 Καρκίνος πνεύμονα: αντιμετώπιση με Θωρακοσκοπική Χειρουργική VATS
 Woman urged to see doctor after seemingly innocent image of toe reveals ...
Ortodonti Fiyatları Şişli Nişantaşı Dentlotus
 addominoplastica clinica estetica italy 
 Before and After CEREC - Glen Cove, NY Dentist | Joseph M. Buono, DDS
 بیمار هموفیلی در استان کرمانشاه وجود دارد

◇ ◇ ◇ ◇ ◇

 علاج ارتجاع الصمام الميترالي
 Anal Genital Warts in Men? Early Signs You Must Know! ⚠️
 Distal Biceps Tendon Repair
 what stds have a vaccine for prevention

◇ ◇ ◇ ◇ ◇

PROBLEM DESCRIPTION:
Produce only the lines from the line containing "Anal Genital Warts" through the line containing "what stds have a vaccine for prevention", inclusive of both, exactly as they stand in the entries above.

TASK OUTPUT:
 Anal Genital Warts in Men? Early Signs You Must Know! ⚠️
 Distal Biceps Tendon Repair
 what stds have a vaccine for prevention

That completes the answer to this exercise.